Educação e Filosofia vol.31 no.63 Uberlândia set./dic 2017  Epub 09-Mar-2021

https://doi.org/10.14393/revedfil.issn.0102-6801.v31n63a2017-13 

Dossiê Artes e Oficinas: incursões na filosofia de Deleuze-Guattari

Das escritas, dos corpos. afetos e entretempos*

De las escrituras, de los cuerpos. afectos y entretiempos

Of writing, of bodies. affects and meanwhile

Vivian Marina Redi Pontin** 

Ana Godoy*** 

**Doutora em Ciências Sociais pelo Instituto de Filosofia e Ciências Humanas da Universidade Estadual de Campinas (IFCH-Unicamp). Professora substituta da Universidade Federal de Lavras (UFLA). E-mail: vivian_marina@yahoo.com.br

***Doutora em Ciências Sociais pela Pontifícia Universidade Católica de São Paulo (PUC-SP). E-mail: ana.godoy@rocketmail.com


Resumo

Esse texto é produzido por um encontro entre uma escrita e seu acompanhamento. Já que uma escrita nunca se faz só e é vital habitá-la, seu acompanhamento diz de um como se faz, diz de uma preparação, diz da feitura de um corpo. Desde dentro desses fazeres, inventa-se, nessas linhas, uma escrita-oficina que possa cuidar de uma pergunta ativadora: como produzir uma oficina que mobilize encontros em tempos desprovidos de poesia? Alguns gestos foram escolhidos para composição, dentre eles: a partilha enquanto forma de criação por aquilo que se fragmenta sem efetivamente quebrar, destroçar; outro gesto foi pontilhar por ocasião de desenhar um corpo-a-corpo e, não por último, uma vez que os gestos são multiplicadores, a ideia de caça na composição de territórios e suas disposições para desabituar o previsível.

Palavras-chave: Escrita; Território; Corpo-sem-Órgão; Deleuze

Resumen

Dicho texto es producido por el encuentro entre la escritura y su acompañamiento. Ya que una escritura nunca se hace sola y es vital habitarla, su acompañamiento dice de un cómo se hace, dice de una preparación, dice de la hechura de un cuerpo. Desde adentro de esos haceres, se inventa, en dichas líneas, una escrita-taller que pueda cuidar de una pregunta activa: ¿cómo producir un taller que movilice encuentro en tiempos desprovistos de poesía? Algunos gestos fueron escogidos para composición, entre ellos: la partida en cuanto forma de creación por aquello que se fragmenta sin efectivamente romper, destrozar; otro gesto fue martillar por ocasión de diseñar un cuerpo-a-cuerpo y, no por último, una vez que los gestos son multiplicadores, la idea de caza en la composición de territorios y sus disposiciones para deshabituar lo previsible.

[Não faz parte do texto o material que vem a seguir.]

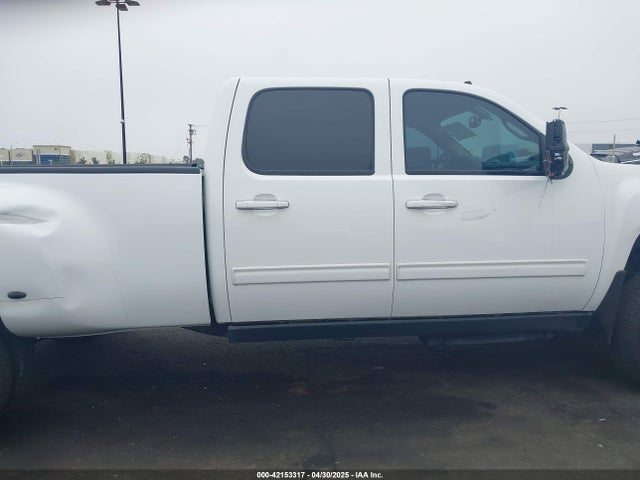 42153317 :رقم المزاد ، 1GC4K1C85DF206842 vin ، 2013 Chevrolet Silverado 3500hd Ltz مزاد بيع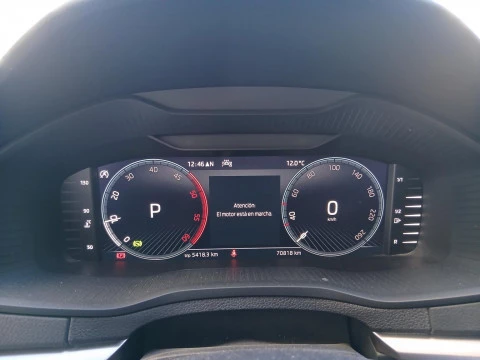 Skoda Karoq 2.0 TDI 110kW (150CV) DSG 4X4 Ambition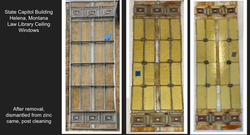 Montana St. Capitol Building Restoration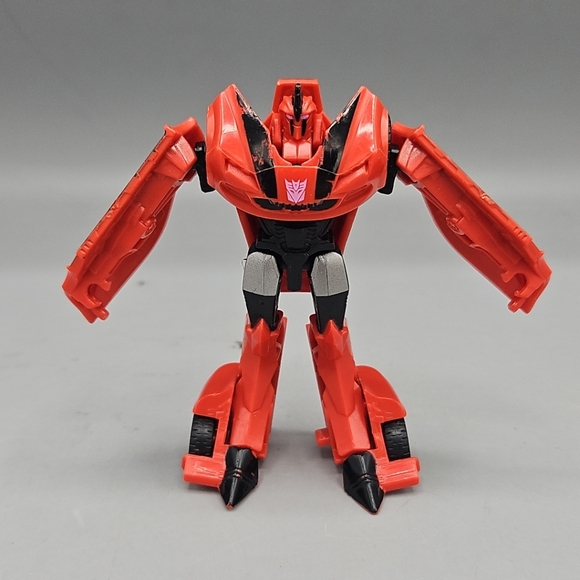 Transformers Age Of Extinction Legend Stinger Walmart Exclusive Decepticon - Picture 8 of 8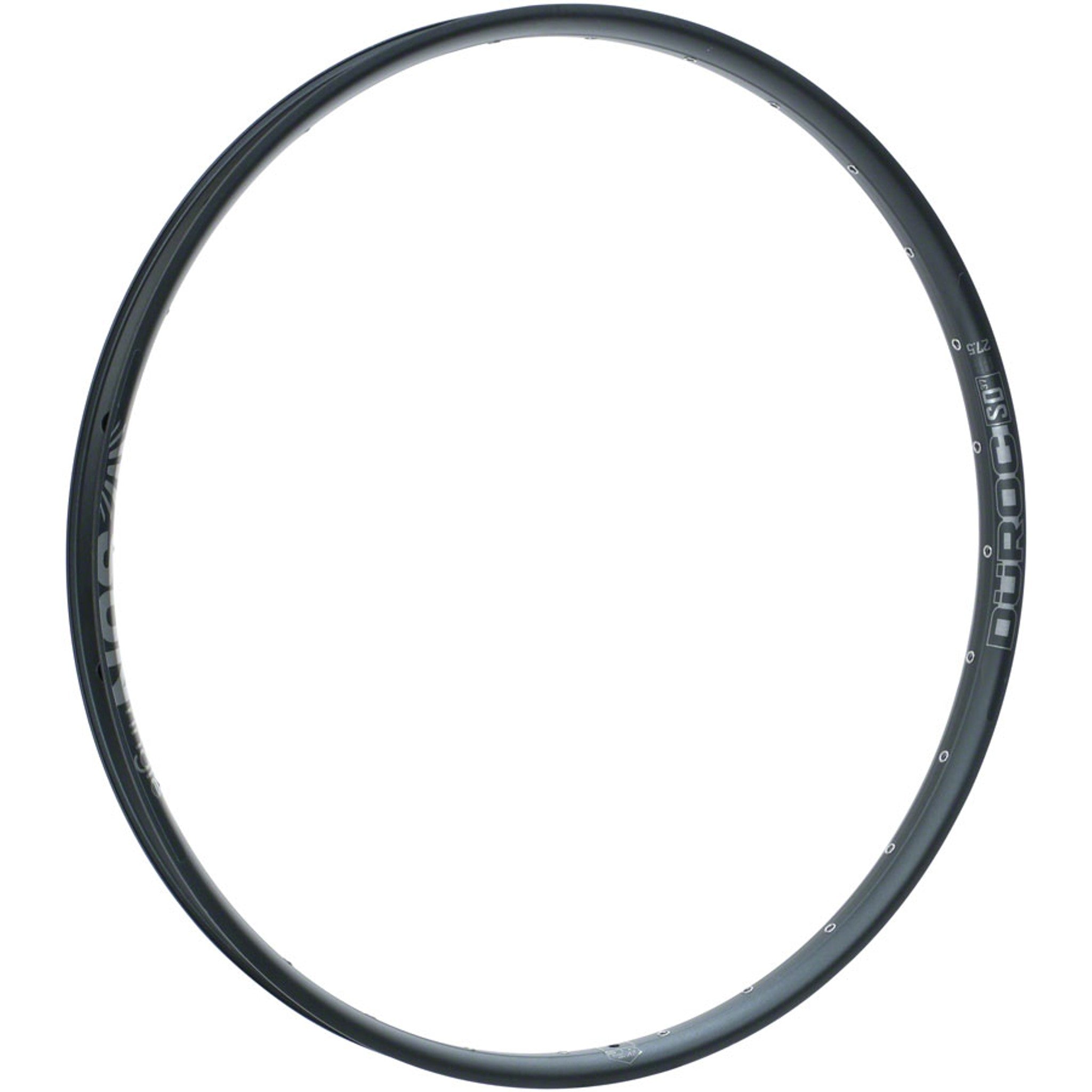Duroc SD37 Rim - 27.5", Disc, Black, 32H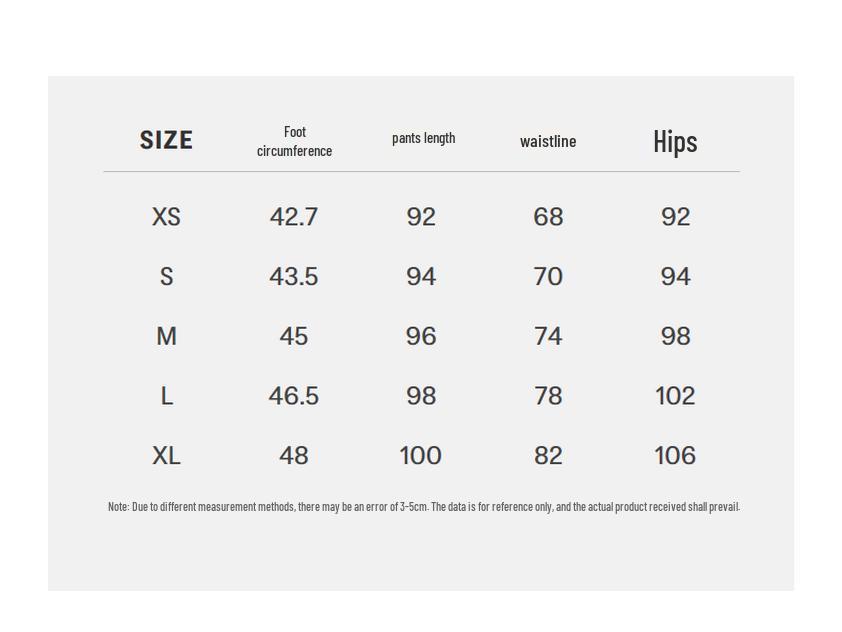 LESS 2025 Spring Casual Commuter Cropped Curved Pants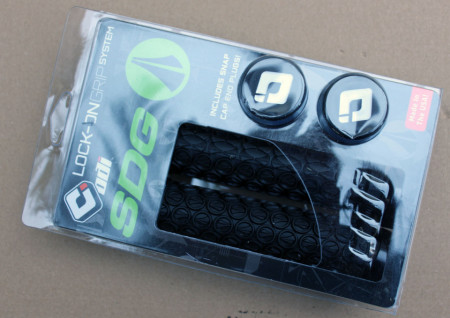 ODI SDG Hansolo Lock-On grips - negru - Img 2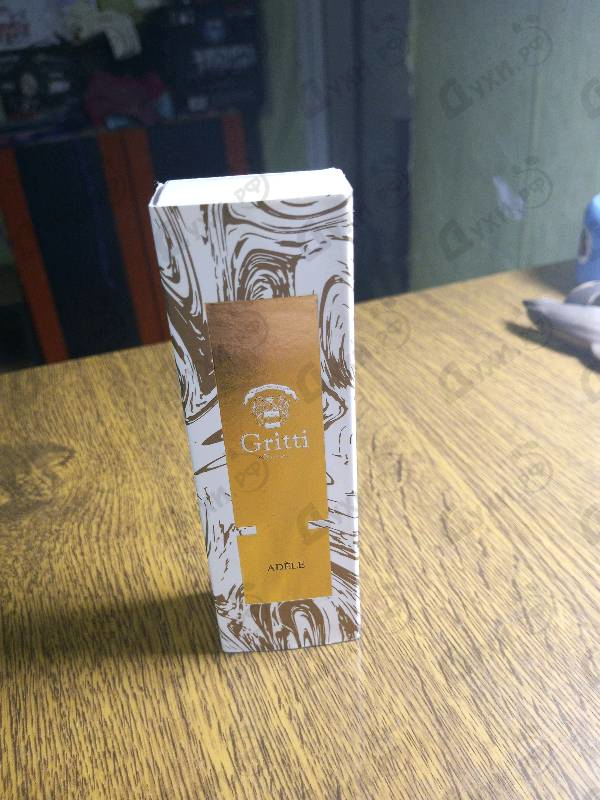 Парфюмерия Adele от Gritti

Palabras clave: Escritura; Territorio; Cuerpo-sin-órganos; Deleuze

Abstract

This text is produced by a meeting between a writing and its accompaniment. Since a writing is never done alone and it is vital to inhabit it, its accompaniment says of a how it is done, it says of a preparation, it says of the making of a body. From within these works, one invents, in these lines, a writing-workshop that can take care of an activating question: how to produce a workshop that mobilizes meetings in times devoid of poetry? Some gestures were chosen for composition, among them: the sharing as a form of creation by what fragments without actually breaking, destroying; another gesture was to dot for the occasion of drawing a body to body and, not lastly, since gestures are multipliers, the idea of hunting in the composition of territories and their provisions to unseat the predictable.

Keywords: Writing; Body-without-organs; Deleuze

Mas não colaboramos como duas pessoas. Éramos sobretudo como dois riachos que se juntam para fazer “um” terceiro, que teria sido nós. (Gilles Deleuze. Conversações).

Uma escrita nunca está só. Mesmo num quarto vazio, num lugar distante de qualquer civilização, numa ilha deserta, num planeta desabitado… uma escrita nunca está efetivamente só. Pode-se dizer que uma aprendizagem acompanha a escrita em seus passos, abrindo espaços para que as palavras sejam colocadas uma a uma, tentativas e repetições, processos e durações, para esboçar uma escrita, trilhá-la, realizá-la. Os corpos também o fazem sendo formados pelas palavras, formados com as palavras, criados nas palavras, corpos que atravessam e são atravessados nesse percurso.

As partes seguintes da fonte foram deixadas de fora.